As a woman, I can easily imagine being forced out of my home and torn away from my family just to be given away to a man that would basically be raping me whenever he pleases. Just in May this horrible custom occurred with a group of 50 women in Basra. As much as all of this may seem like a story straight from a Grimm’s fairy tale, this is an extremely common institution among tribes.
The custom begins with a woman from one tribe being forced to elope with a man from a rival tribe. She is sent to live in the strange and unfamiliar setting of her new husband’s home where she would be treated horribly by her spouse, his family and even the entire tribe. To everyone in the tribe, she’d be considered Fasliyah; a house maid with benefits. She has no rights and absolutely no legal say in any matter, especially divorce. It’s only after she gives birth to a male heir that an annulment becomes a vague possibility. Once the son is born, the wife may plead to the husband for a divorce but then she would be forced to give up full custody of her child(ren) to the husband and never be able to see her offspring again.
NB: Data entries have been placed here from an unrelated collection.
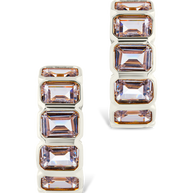 Nyssa Bezel CZ Station Hoop Earrings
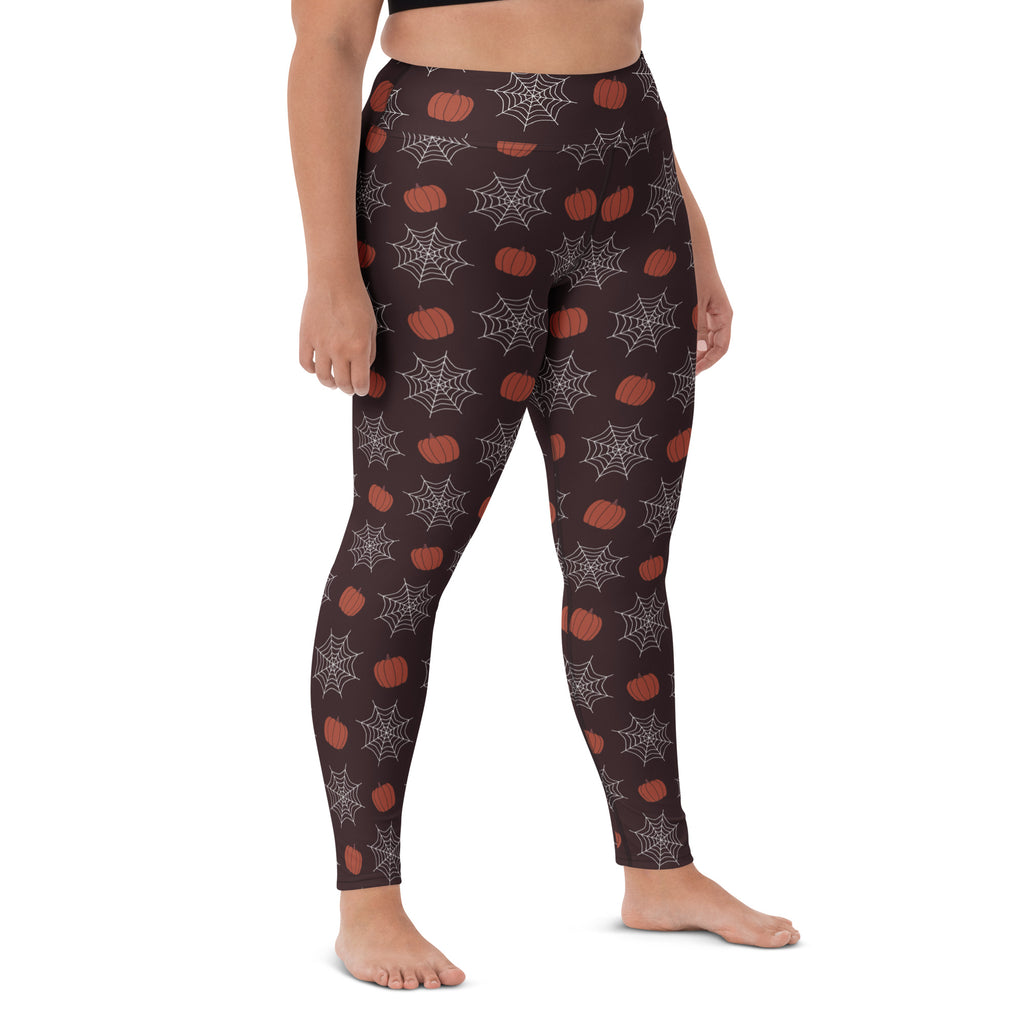 Women's Pumpkin Spider Web Halloween Buttery Soft Yoga Leggings - Quick Drying, High Waisted Comfort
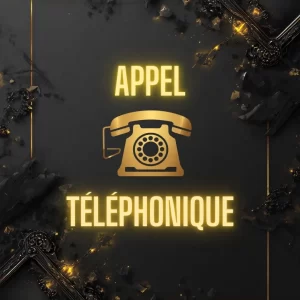 Icône dorée d'un téléphone rétro sur fond noir avec le texte "Appel Téléphonique" en lettres stylisées.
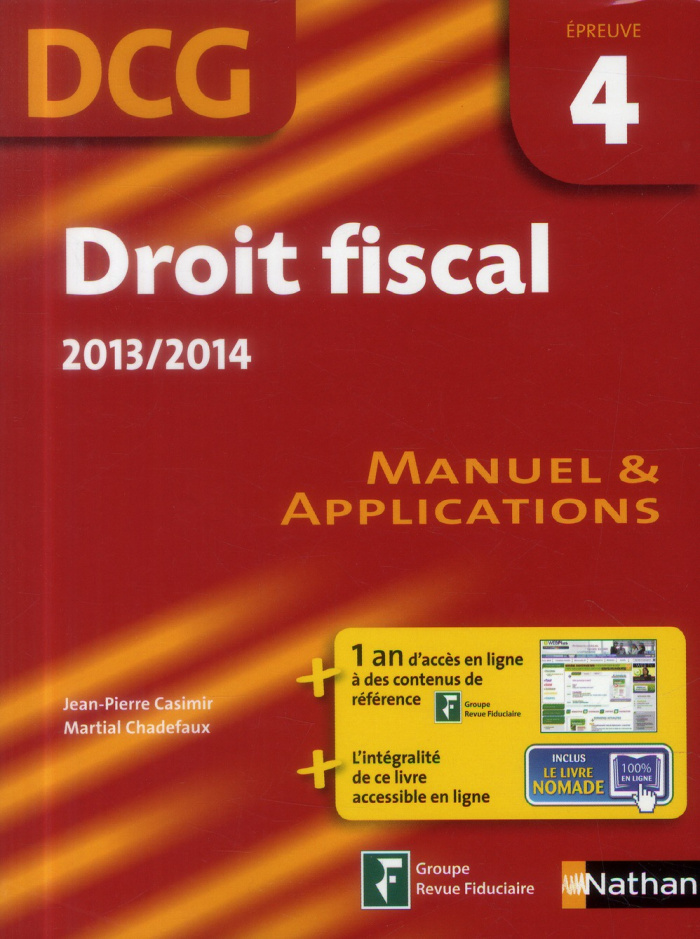 Droit fiscal épreuve 4 DCG. Manuel et application 2013/2014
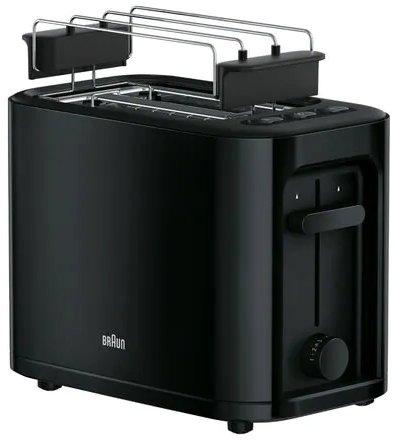 HT 3010 BK, PUREASE 1.000 W, Doppelschlitztoaster, schwarz, automatische Brotzentrierung, Auftaufunktion, Stopptaste, Aufwärmfunktion, wärmeisoliertes Gehäuse, Kr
This is not a religious practice; it’s a tradition that has been upheld for hundreds of years.
However frowned upon the Fasel tradition is, no action is being taken by officials. Although many seem to condemn it, actions still speak louder than words.
This blatant inaction perfectly exemplifies the weakness of the Iraqi government and its corrupted justice system. The Fasel tradition is a disgusting form of barbarianism that should not only be condemned but considered a major crime against humanity, punishable by law. But the government is clearly failing to implement one of the most important tenets of the Iraqi constitution: upholding basic human rights.
Unlike the central Iraqi government, Kurds were very brave when they banned polygamy in Kurdistan to protect their society (even though polygamy is a definitive part of the Islamic sharia law.)
It may be true that 25% of Iraqi parliament is comprised of women (along with a couple of government ministers) but this is clearly an orchestrated act since ultimately, women have no rights. To the majority of the male parliament members, “equality” means nothing whatsoever. To them, women’s rights campaigns are only useful when needed: as gimmicks come election time.
The root of the problem is that the female population has gotten so used to not having rights that they believe they’ve been brought into this world only to serve and cater to husbands, fathers and brothers.
Until both the Iraqi government and society begin to comprehend that women are quintessential pillars of existence and deserve nothing but education, respect and fairness, nothing will change and Iraq will always remain a (cave) man’s land.